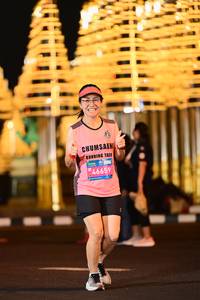 BIB: 
                            <button type="button" onclick="openModal(24499539)" class="btn btn-primary btn-sm float-right btn-popup" data-toggle="modal" data-target=".modal-high-quality">
                        <i class="fas fa-shopping-cart"></i> Add to Cart
                    </button>
                                            <button type="button" onclick="isThisMe(24499539, true)" class="btn btn-success btn-sm float-right btn-popup btn-isme hidden" data-toggle="tooltip" data-placement="bottom" title="นี่คือรูปของคุณใช่ไหม คลิกที่นี่เพื่อเอาเข้าอัลบั้ม">
                        <i class="fas fa-plus"></i> Add to album
                    </button>
                    <button type="button" onclick="isThisMe(24499539, false)" class="btn btn-warning btn-sm float-right btn-popup btn-isnotme hidden">
                        <i class="fas fa-ban"></i> Remove from album
                    </button>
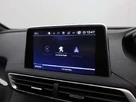 2020-peugeot-3008-suv-15-bluehdi-gt-line-premium-small-24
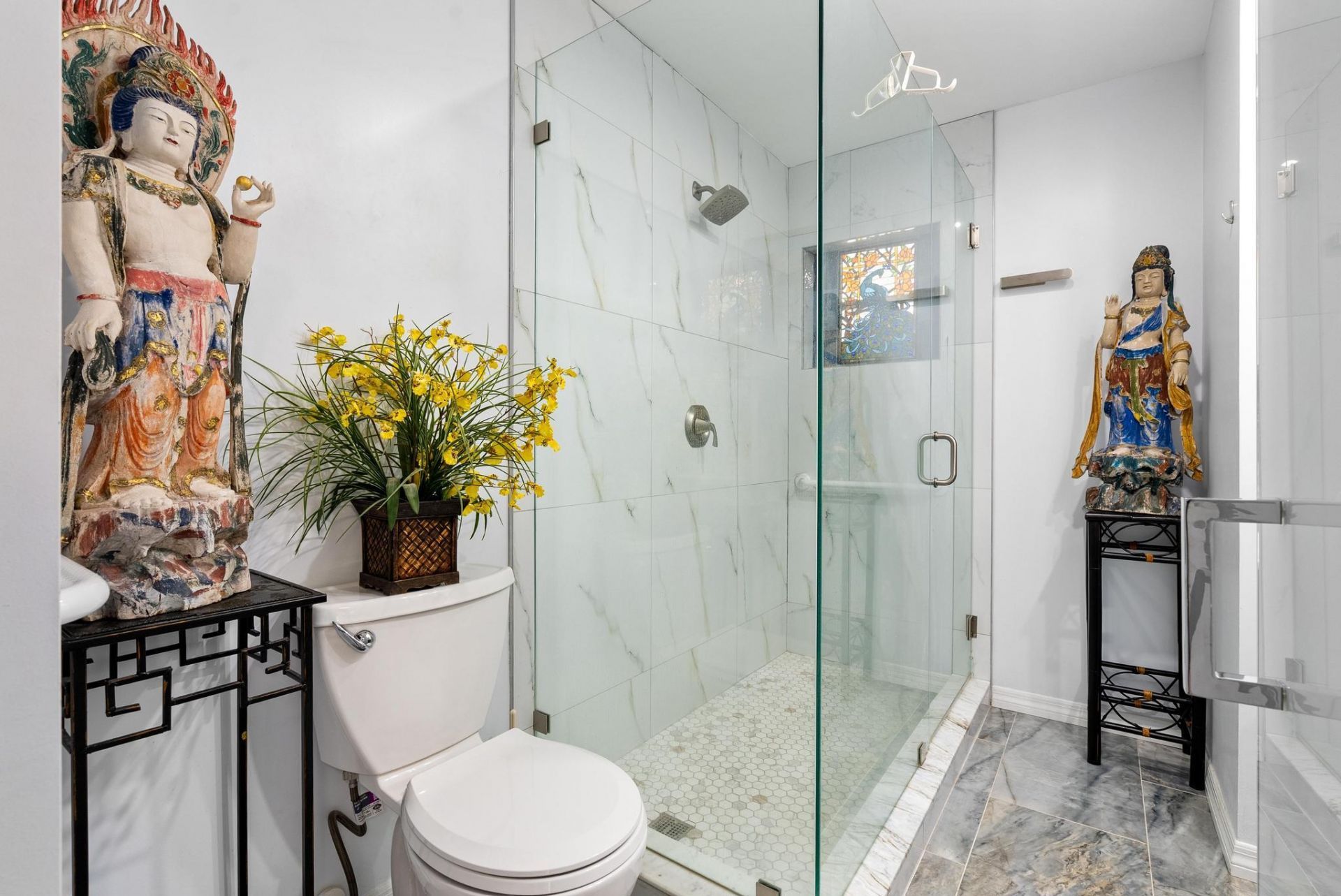 23351 Bar Lake Drive, Unit 33, Boca Raton, FL 33433 Photo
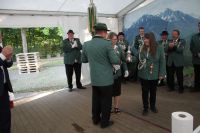IMG_0835_mn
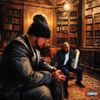 M-Dot - Library of Sound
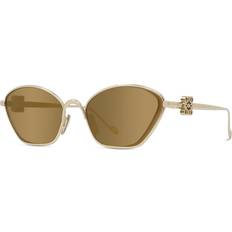 Loewe Modern Ultra HD Smart TV Unisex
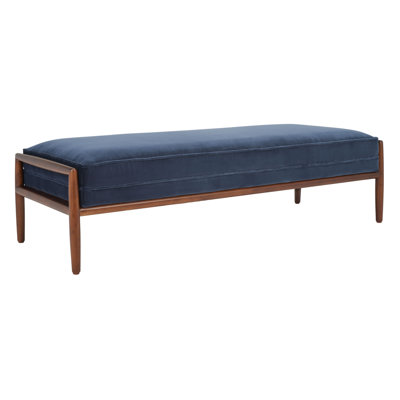 Banc Beatrice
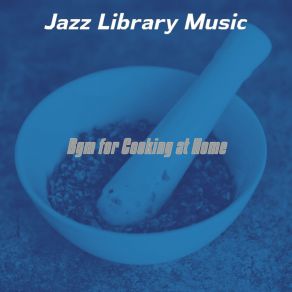 Download track Delightful Ambiance For Dinner Parties Jazz Library Music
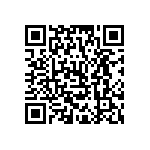 MC68HRC908JK3CP QRCode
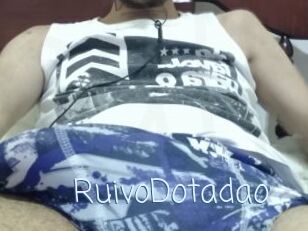 RuivoDotadao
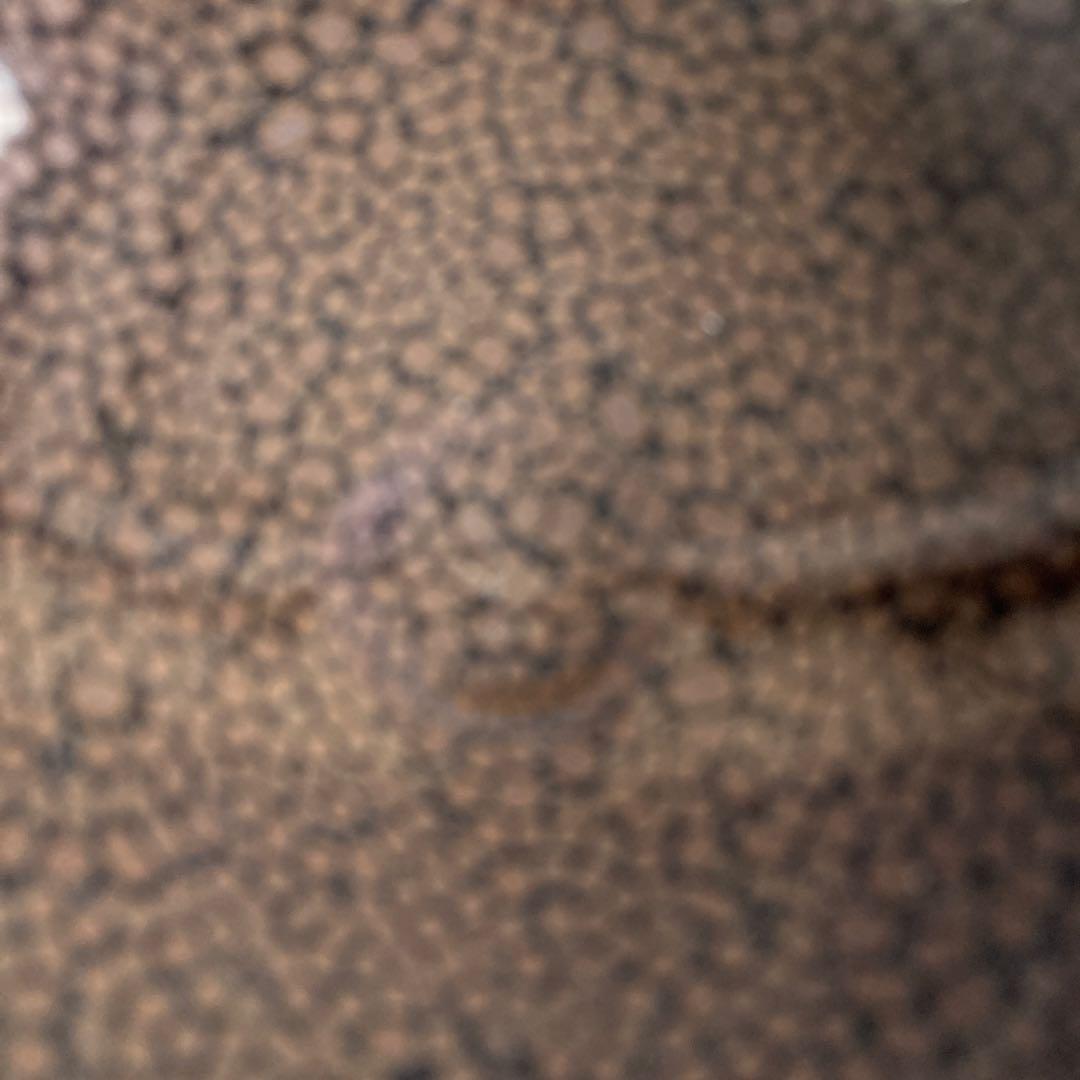 【松本佩山】孤高の陶芸家　日本の名窯　有田年木庵　松本佩山作　曜変油滴天目　茶盌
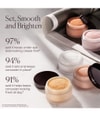 Productafbeelding 6 van 6, LAURA MERCIER Secret Brightening Fixeerpoeder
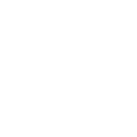 Telekinesis (Телекинез)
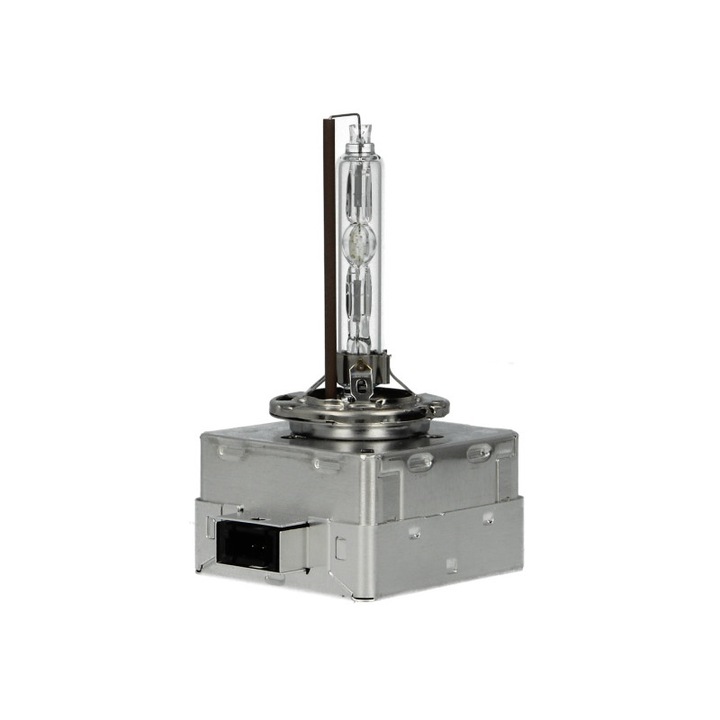 Bec D1S 35W, PK32D-2, xenon Vision 4400K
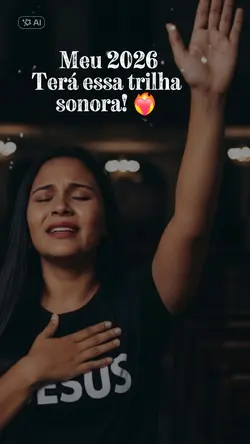 Eu vou viver em 2026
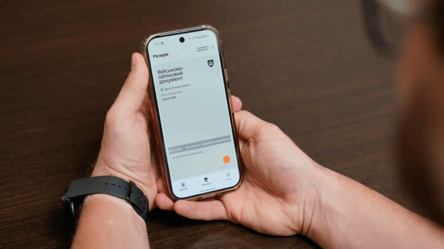 Як отримати відстрочку освітянам — що кажуть у Міноборони - 290x160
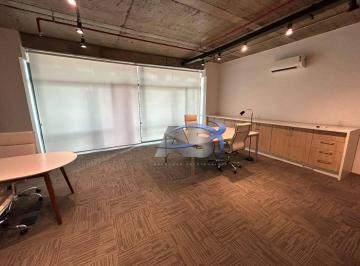3f47f475435be7a69fd074d2bacfa92a52abd49a · Conjunto para alugar, 59 m² por R$ 17.518,00/mês - Itaim Bibi - São Paulo/SP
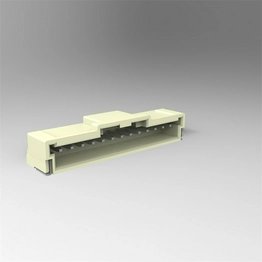 XKB Connectivity X2009WRS-13-9TSW image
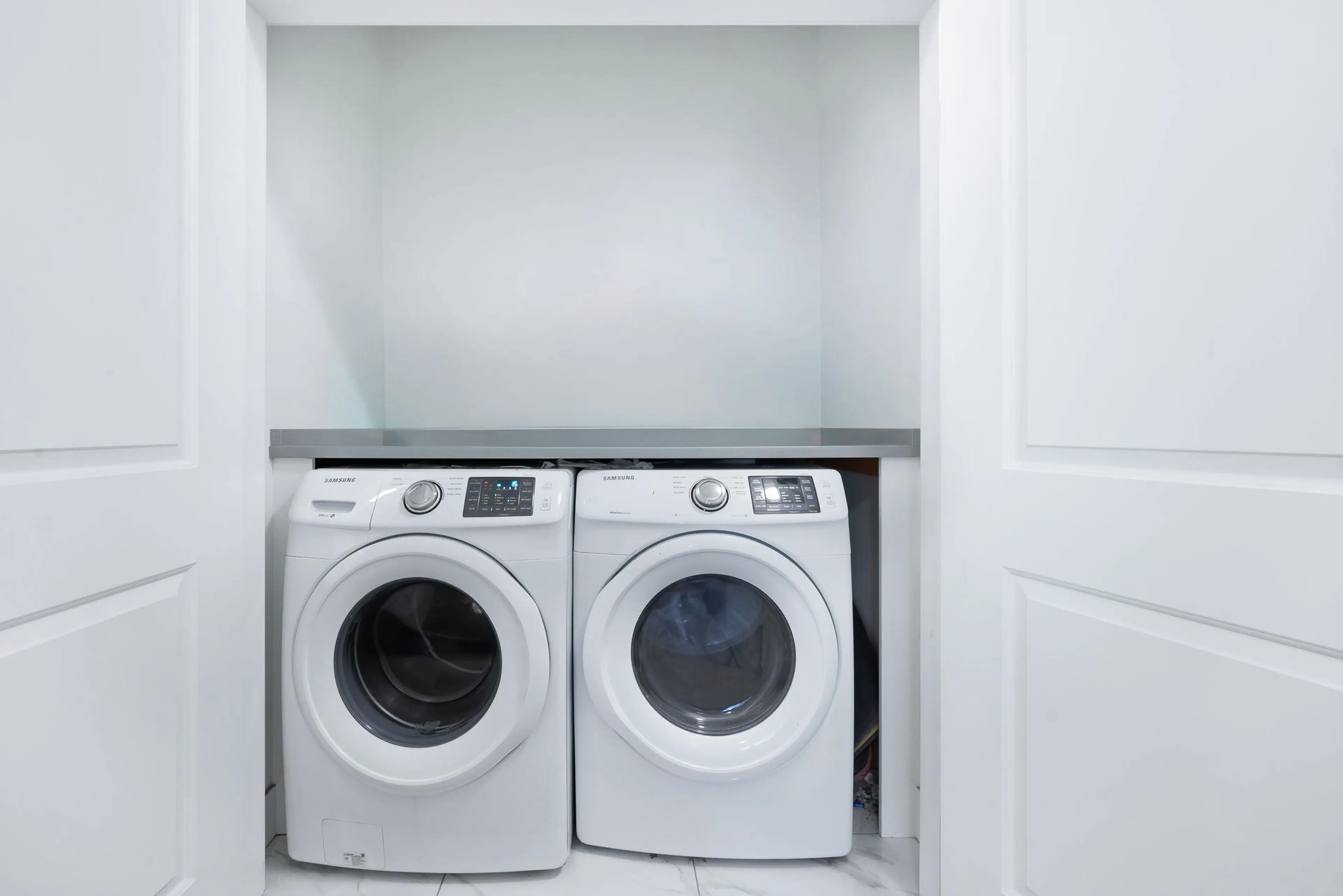 Property at #2 12088 76 AVENUE, Surrey, BC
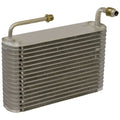AC Evaporator for Chevy GMC Safari Chevrolet Astro (1994–2005)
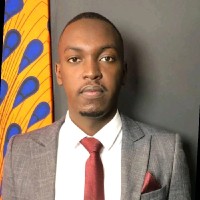 Rutinduka Rodrick's profile photo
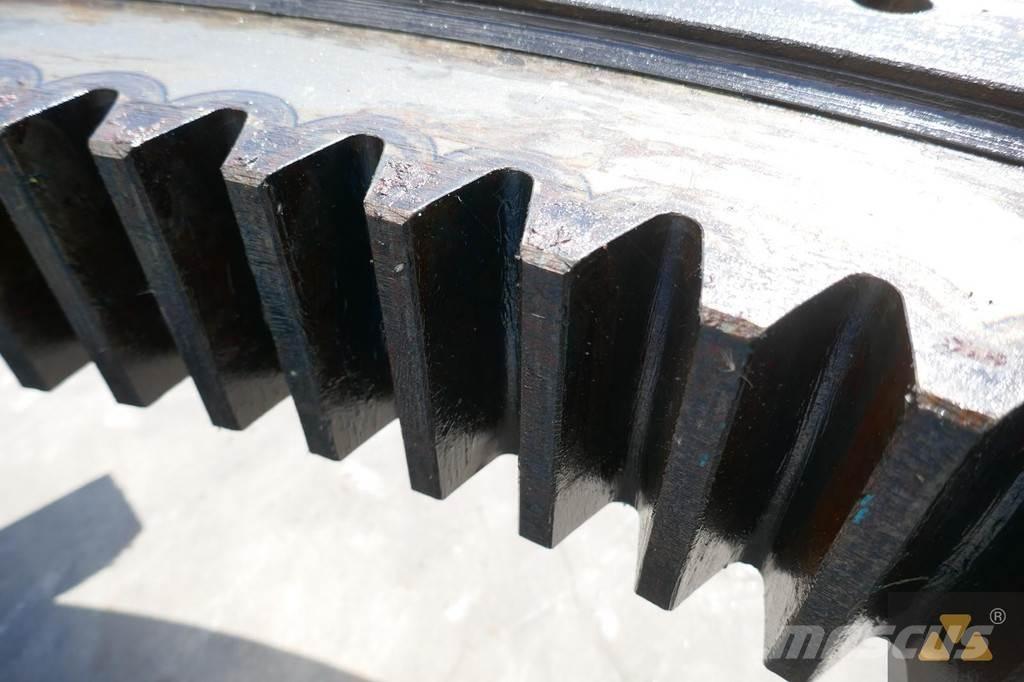 CAT 227-6053 Transportation - Others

• • • •

● **Work instructions**
Lines holding "toggle": copy each one from the records above.

● **Task result**
                            <button type="button" onclick="openModal(24499539)" class="btn btn-primary btn-sm float-right btn-popup" data-toggle="modal" data-target=".modal-high-quality">
                                            <button type="button" onclick="isThisMe(24499539, true)" class="btn btn-success btn-sm float-right btn-popup btn-isme hidden" data-toggle="tooltip" data-placement="bottom" title="นี่คือรูปของคุณใช่ไหม คลิกที่นี่เพื่อเอาเข้าอัลบั้ม">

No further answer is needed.